Archive for the ‘Dustin’ Category

What’s New in Amanda Community: Postgres Backups

Thursday, March 25th, 2010

Second installment in a series of posts about recent work on Amanda.

The Application API allows Amanda to back up structured data — data that cannot be handled well by dump or tar. Most databases fall into this category, and with the 3.1 release, Amanda Community Edition ships with ampgsql, which supports backing up Postgres databases using the software’s point-in-time recovery mechanism.

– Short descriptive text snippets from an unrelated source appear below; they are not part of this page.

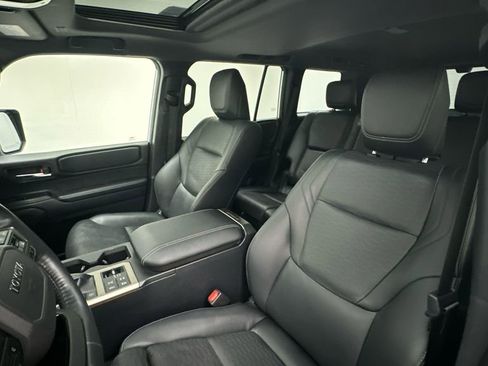 Used 2024 Toyota Land Cruiser w/ Premium Package AWD/4WD image 9
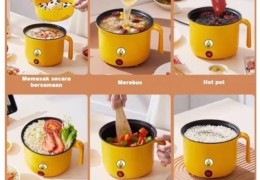 Panci Listrik Serbaguna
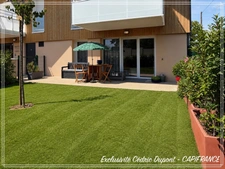 Appartement à vendre 2 pièces 52m2 - Jardin - Garage boxé - CABOURG (14)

The how-to for this application is on the Amanda wiki.

Operation

Postgres, like most “advanced” databases, uses a logging system to ensure consistency even in the face of (some) hardware failures. In essence, it writes every change that it makes to the database to the logfile before changing the database itself. This is similar to the operation of logging filesystems. The idea is that, in the face of a failure, you just replay the log to re-apply any potentially corrupted changes.

Postgres calls its log files WAL (write-ahead log) files. By default, they are 16MB. Postgres runs a shell command to “archive” each logfile when it is full.

So there are two things to back up: the data itself, which can be quite large, and the logfiles. A full backup works like this:

  • Execute PG_START_BACKUP(ident) with some unique identifier.
  • Dump the data directory, excluding the active WAL logs. Note that the database is still in operation at this point, so the dumped data, taken alone, will be inconsistent.
  • Execute PG_STOP_BACKUP(). This archives a text file with the suffix .backup that indicates which WAL files are needed to make the dumped data consistent again.
  • Dump the required WAL files

An incremental backup, on the other hand, only requires backing up the already-archived WAL files.

A restore is still a manual operation — a DBA would usually want to perform a restore very carefully. The process is described on the wiki page linked above, but boils down to restoring the data directory and the necessary WAL files, then providing postgres with a shell command to “pull” the WAL files it wants. When postgres next starts up, it will automatically enter recovery mode and replay the WAL files as necessary.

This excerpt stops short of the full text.